Quote, word for word, the line containing "Album 为什么你背着我爱别人(2023抒情版) from 罗海英" and all lines that follow it to the end of the records, with no pictures.

## Short web captions:
=-=-=-=-=

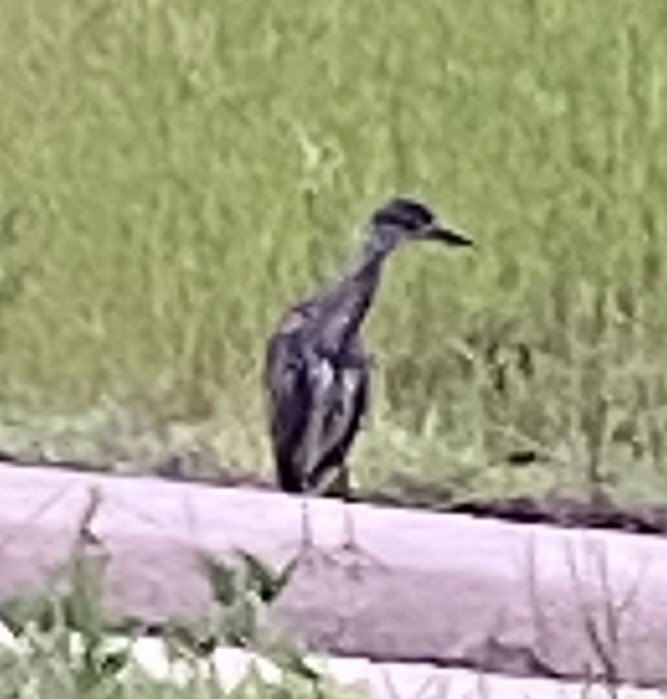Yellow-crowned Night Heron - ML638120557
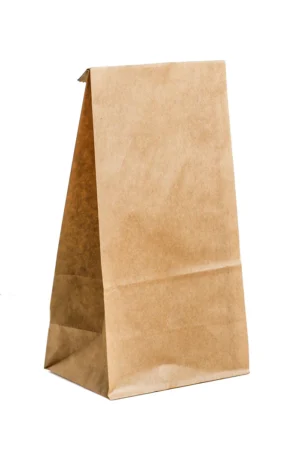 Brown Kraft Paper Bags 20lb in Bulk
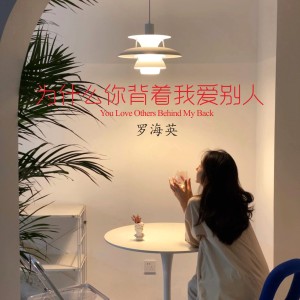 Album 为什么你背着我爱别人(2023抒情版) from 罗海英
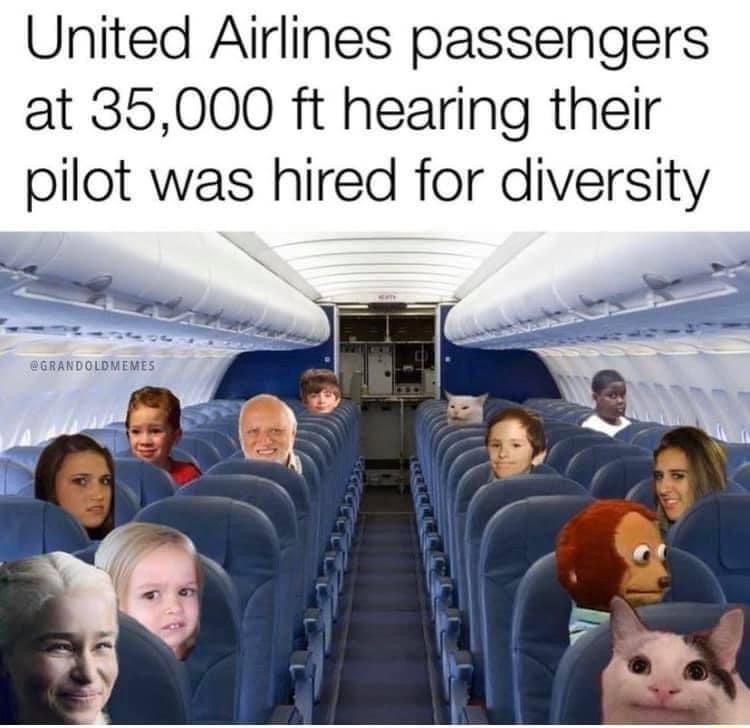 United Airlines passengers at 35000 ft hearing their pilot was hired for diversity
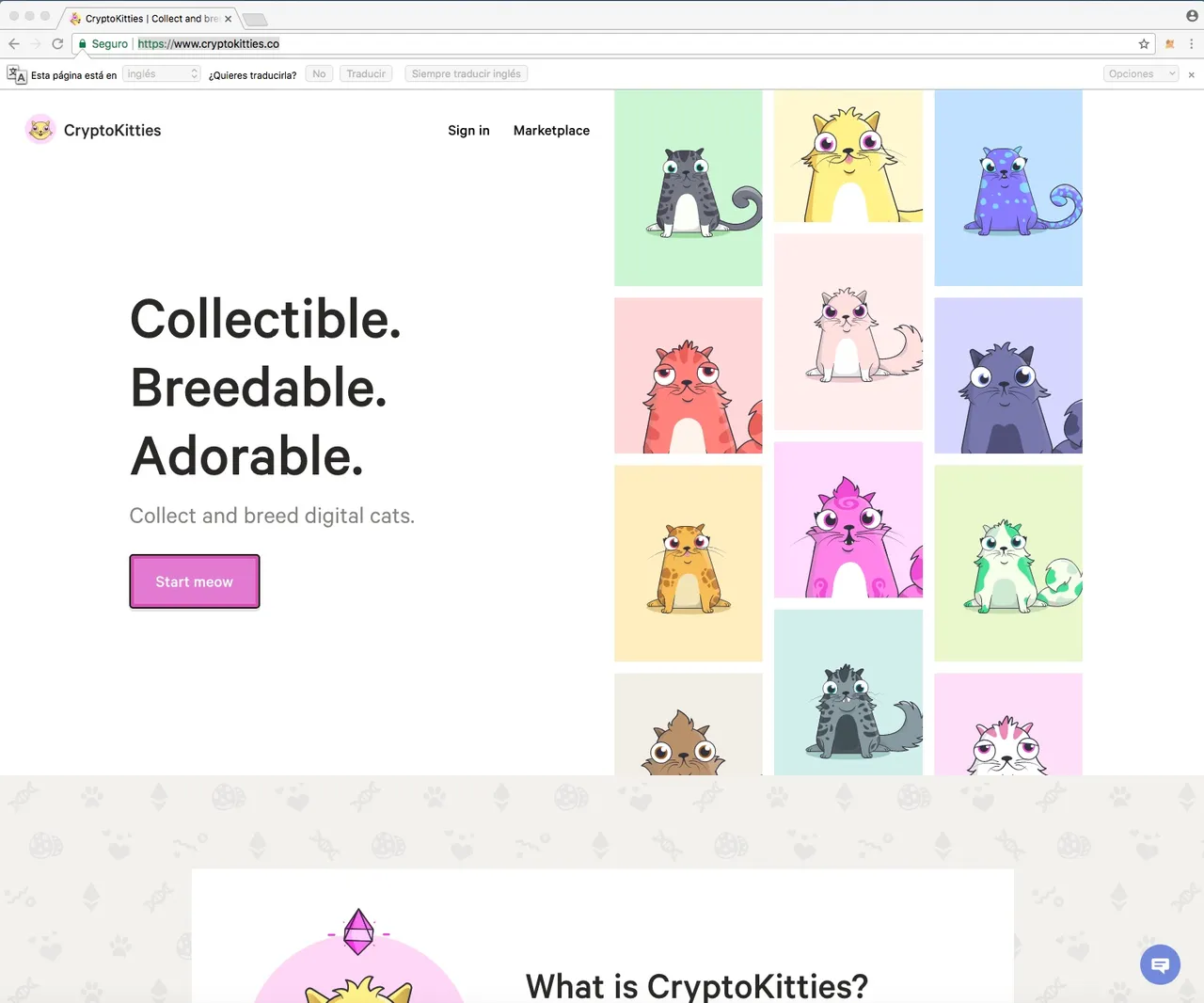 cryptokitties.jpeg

=-=-=-=-=

## Answer for this exercise:
 Album 为什么你背着我爱别人(2023抒情版) from 罗海英
 United Airlines passengers at 35000 ft hearing their pilot was hired for diversity
 cryptokitties.jpeg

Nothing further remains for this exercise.